The branches of the auriculotemporal nerve supply the temporal skin, the external auditory canal, and the tympanic membrane. The lingual nerve supplies sensory fibers to the anterior two-thirds of the tongue, and gustatory fibers from the chorda tympani (facial nerve branch) travel with it. The afferent fibers of the inferior alveolar nerve pass through the mandibular foramen into the mandibular canal, where they give off inferior dental branches to the mandibular teeth. The mental nerve is a terminal branch that supplies the skin of the chin, lower lip, and the body of the mandible. The efferent fibers that branch from the inferior alveolar nerve supply the mylohyoid muscle and the anterior belly of the digastric (not shown). The buccal nerve pierces the buccinator muscle and supplies sensory innervation to the mucous membrane of the cheek. The pure motor branches leave the main nerve trunk just distal to the origin of the meningeal branch. They are:

 Masseteric nerve (masseter muscle)

 Deep temporal nerves (temporalis muscle)

 Pterygoid nerves (pterygoid muscles)

 Nerve of the tensor tympani muscle

 Nerve of the tensor veli palatini muscle (not shown)
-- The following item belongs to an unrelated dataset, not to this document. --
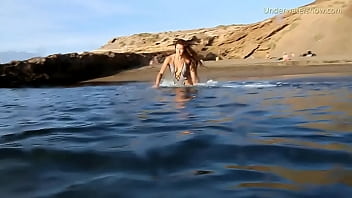 Preview 1 of Bdsm Kidnap Anal - Horny sweet babe in the pool and lesbos in sea at Tenerife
D Clinical assessment of trigeminal nerve function

Each of the three main divisions of the trigeminal nerve is tested separately during the physical examination. This is done by pressing on the nerve exit points with one finger to test the sensation there (local tenderness to pressure). The characteristic nerve exit points are as follows:

* For CN V1: the supraorbital foramen or supraorbital notch

* For CN V2: the infraorbital foramen

* For CN V3: the mental foramen

4.7 Cranial Nerves:

Facial (CN VII), Nuclei and Distribution

A Nuclei and principal branches of the facial nerve

a Anterior view of the brainstem, showing the site of emergence of the facial nerve from the lower pons, b Cross-section through the pons at the level of the internal genu of the facial nerve.

Note: each of the different fiber types (different sensory modalities) is associated with a particular nucleus.
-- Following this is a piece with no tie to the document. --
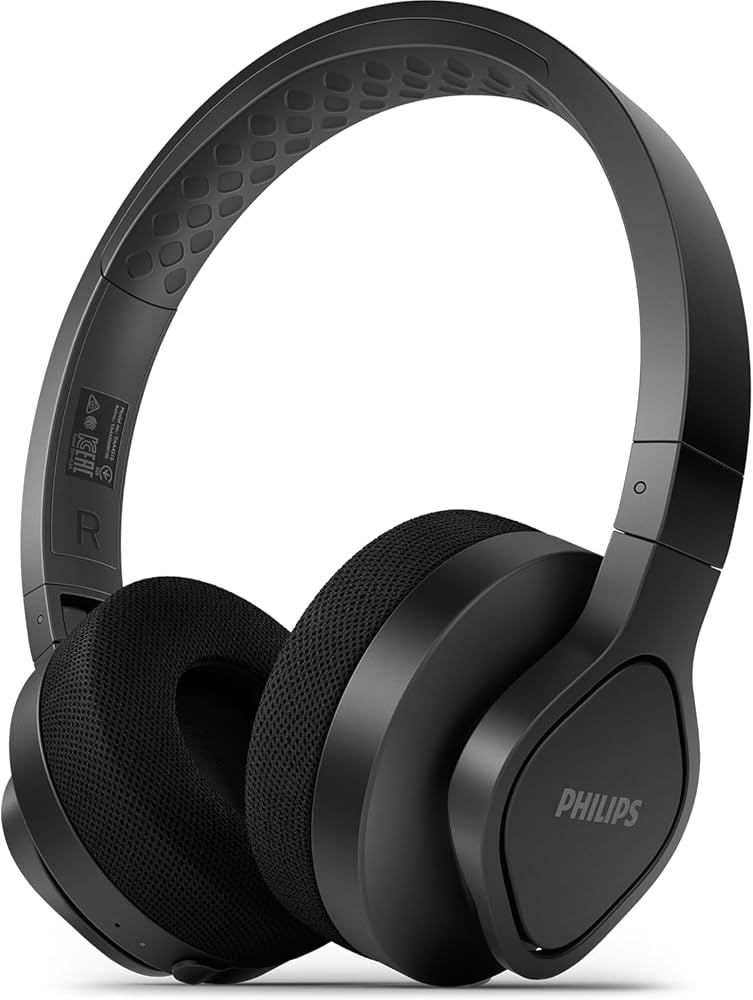 Fone de ouvido Bluetooth On-Ear Philips TAA4216 na cor preta, com almofadas auriculares de tecido respirável, haste flexível com relevos geométricos na parte interna e o logotipo da Philips gravado na lateral da concha.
From the facial nucleus, the special visceral efferent axons that innervate the muscles of facial expression first loop backward around the abducent nucleus, where they form the internal genu of the facial nerve. Then they run forward and emerge at the lower border of the pons. The superior salivatory nucleus contains visceromotor, presynaptic parasympathetic neurons. Together with viscerosensory (= gustatory) fibers from the nucleus of the solitary tract (superior part), they emerge from the pons as the nervus intermedius and then are bundled with the visceromotor axons from the facial motor nucleus to together form the facial nerve.

В Overview of the facial nerve (CN VII)

The facial nerve mainly conveys special visceral efferent (branchiogenic) fibers from the facial nerve nucleus which innervate the striated muscles of facial expression. The other visceral efferent (parasympathetic) fibers from the superior salivatory nucleus are grouped with the visceral afferent (gustatory) fibers from the nucleus of the solitary tract to form the nervus intermedius and aggregate with the visceral efferent fibers from the facial nerve nucleus.
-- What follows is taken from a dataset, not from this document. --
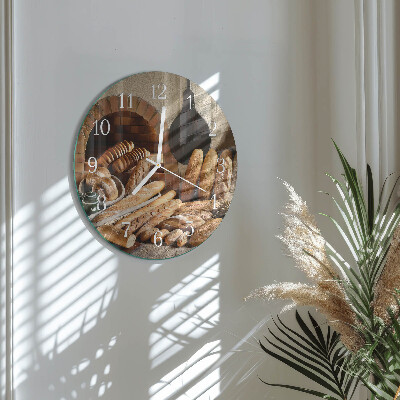 Glas wanduhr Brot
Sites of emergence: The facial nerve emerges in the cerebellopontine angle between the pons and olive. It passes through the internal acoustic meatus into the petrous part of the temporal bone, where it divides into its branches:

 The visceral efferent fibers pass through the stylomastoid foramen to the base of the skull to form the intraparotid plexus (see C).

 The parasympathetic, visceral efferent, and visceral afferent fibers pass through the petrotympanic fissure to the base of the skull (see A, p. 80). While still in the petrous bone, the facial nerve gives off the greater petrosal nerve, stapedial nerve, and chorda tympani.

Nuclei and distribution, ganglia:

 Special visceral efferent: Efferents from the facial nucleus supply the following muscles:

- Muscles of facial expression

- Stylohyoid

- Posterior belly of the digastric

- Stapedius (stapedial nerve)

 Visceral efferent (parasympathetic): Parasympathetic presynaptic fibers arising from the superior salivatory nucleus synapse with neurons in the pterygopalatine ganglion or submandibular ganglion. They innervate the following structures:

- Lacrimal gland

- Small glands of the nasal mucosa and of the hard and soft palate

- Submandibular gland

- Sublingual gland

- Small salivary glands on the dorsum of the tongue

 Special visceral afferent: Central fibers of pseudouni polar ganglion cells from the geniculate ganglion (corresponds to a spinal ganglion) synapse in the nucleus of the solitary tract. The peripheral processes of these neurons form the chorda tympani (gustatory fibers from the anterior two-thirds of the tongue).

 Somatic afferent neurons: Some sensory fibers that supply the auricle, the skin of the auditory canal, and the outer surface of the tympanic membrane travel by the facial nerve and geniculate ganglion to the trigeminal sensory nuclei. Their precise course is unknown.

Developmentally, the facial nerve is the nerve of the second branchial arch.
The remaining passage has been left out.